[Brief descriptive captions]
━━━━━━━━━━━━━━━━━━━━━━━━━━━━━━

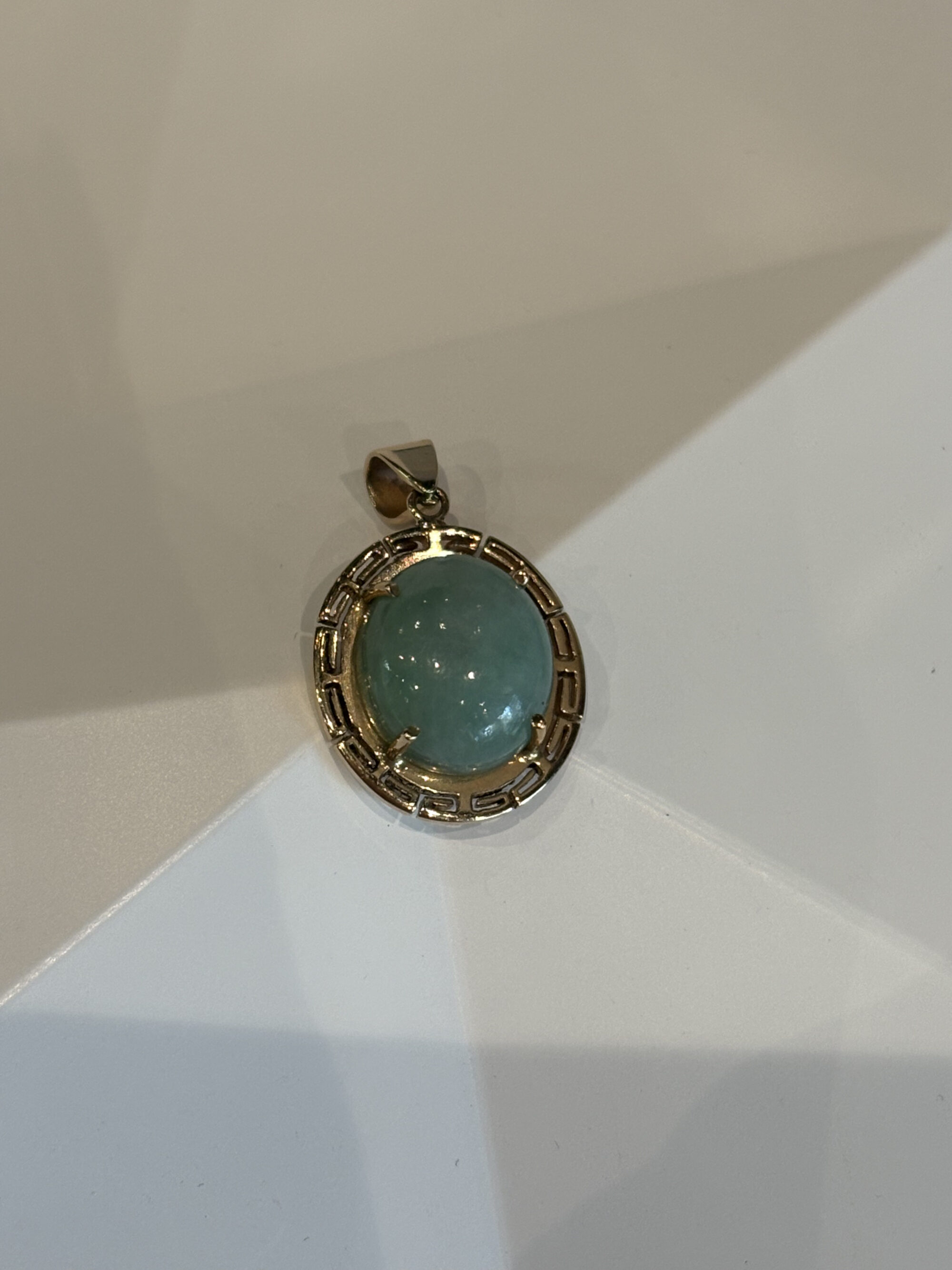 Gouden hanger met chrysopraas
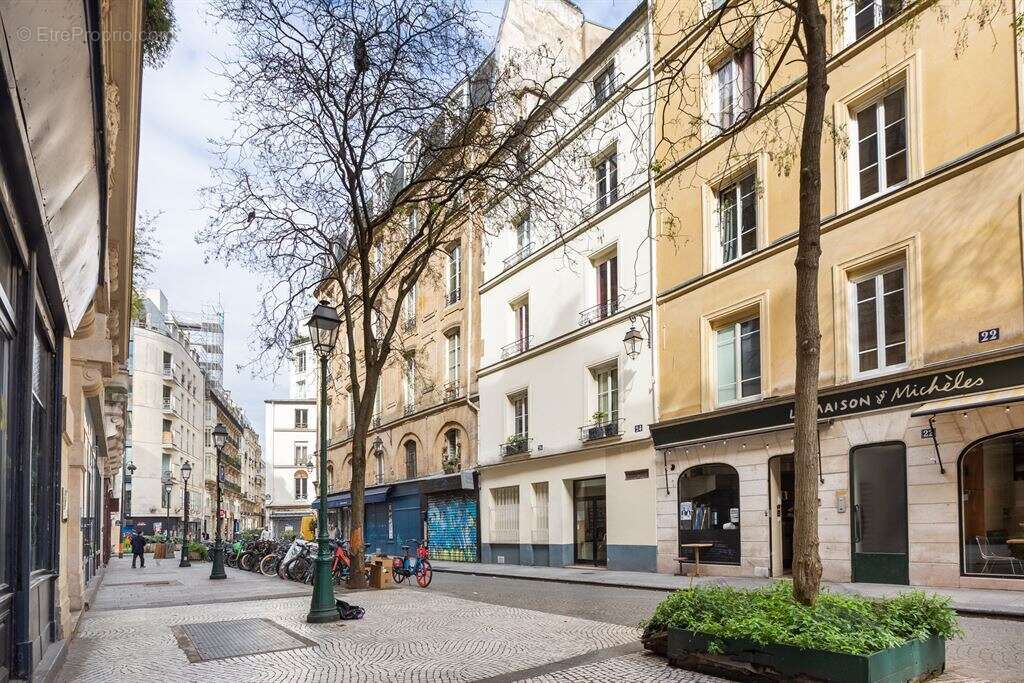 Appartement à PARIS-2E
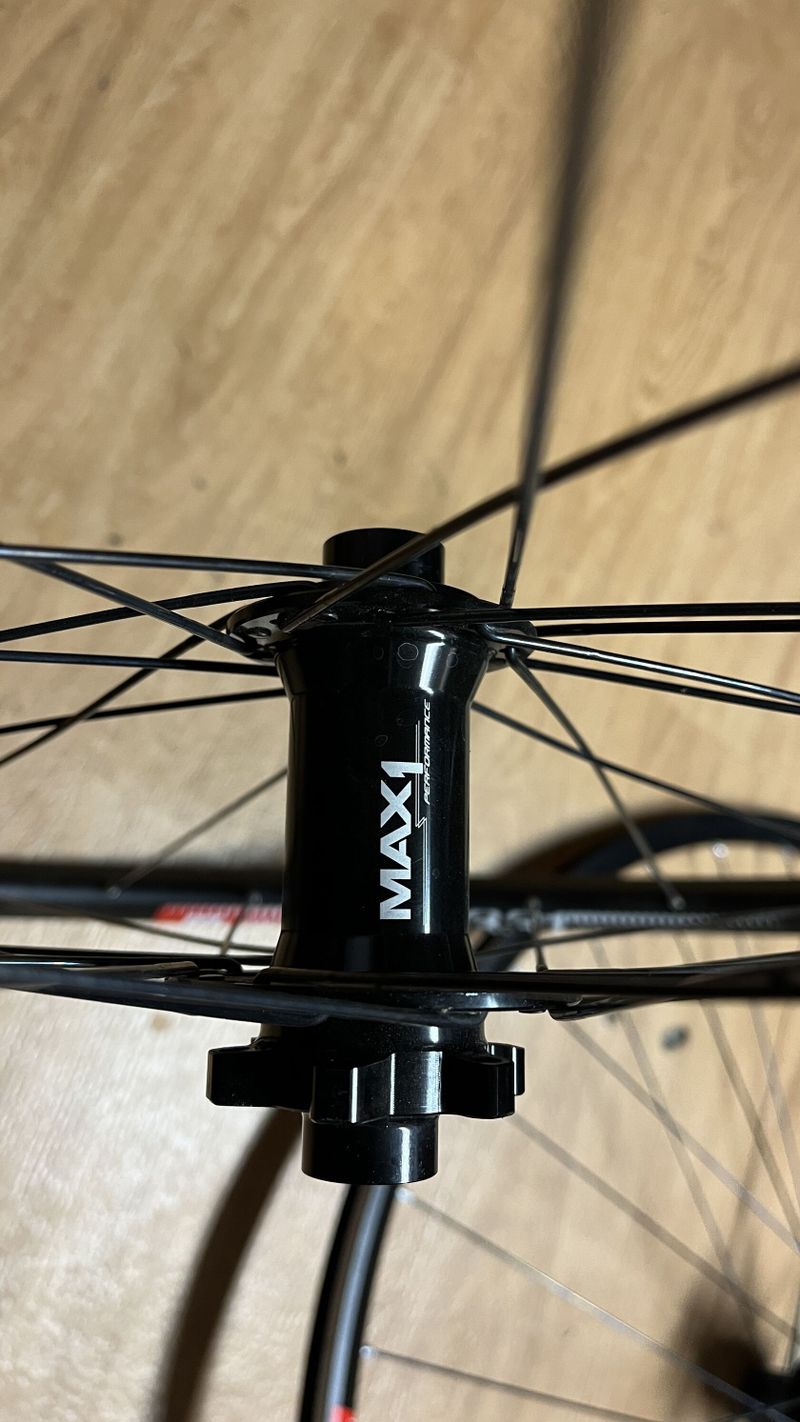 Zapletená kola DT Swiss XR 331 - 1,590g SH, XD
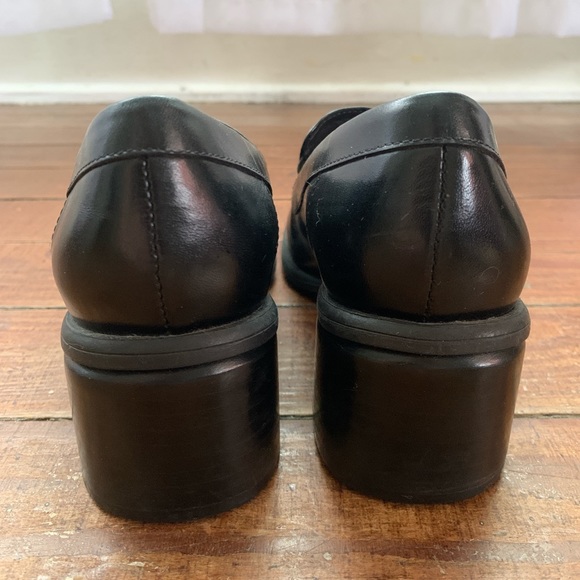 y2k black leather Naturalizer block heel loafers with a square toe in size 5.5 - Picture 3 of 8
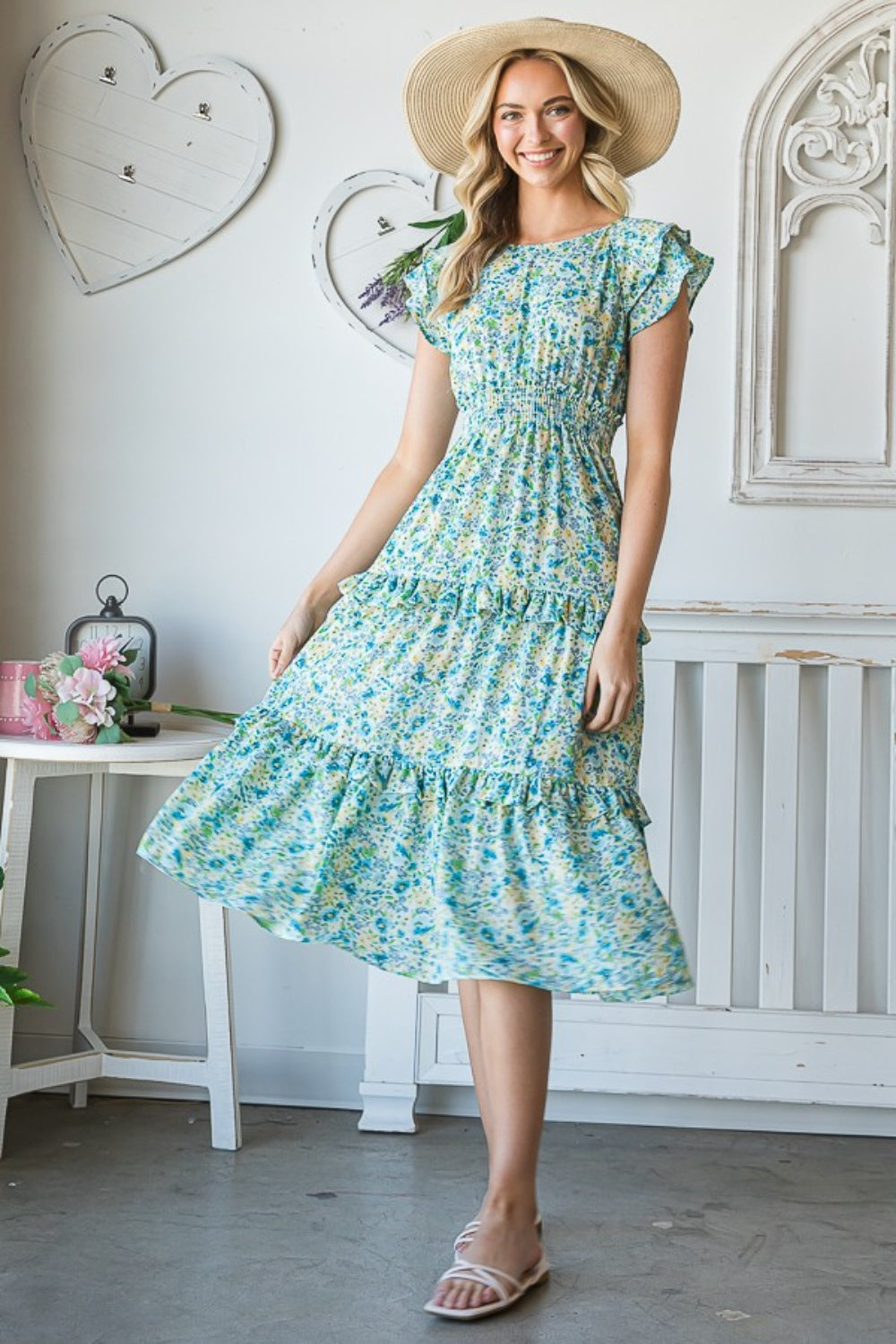 Vestido midi escalonado con ribete floral y volantes de Reborn J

━━━━━━━━━━━━━━━━━━━━━━━━━━━━━━

■ WHAT YOU ARE ASKED TO DO
Only the records are wanted, copied exactly, with the pictures dropped.

■ YOUR SOLUTION
 Gouden hanger met chrysopraas
 Appartement à PARIS-2E
 Zapletená kola DT Swiss XR 331 - 1,590g SH, XD
 y2k black leather Naturalizer block heel loafers with a square toe in size 5.5 - Picture 3 of 8
 Vestido midi escalonado con ribete floral y volantes de Reborn J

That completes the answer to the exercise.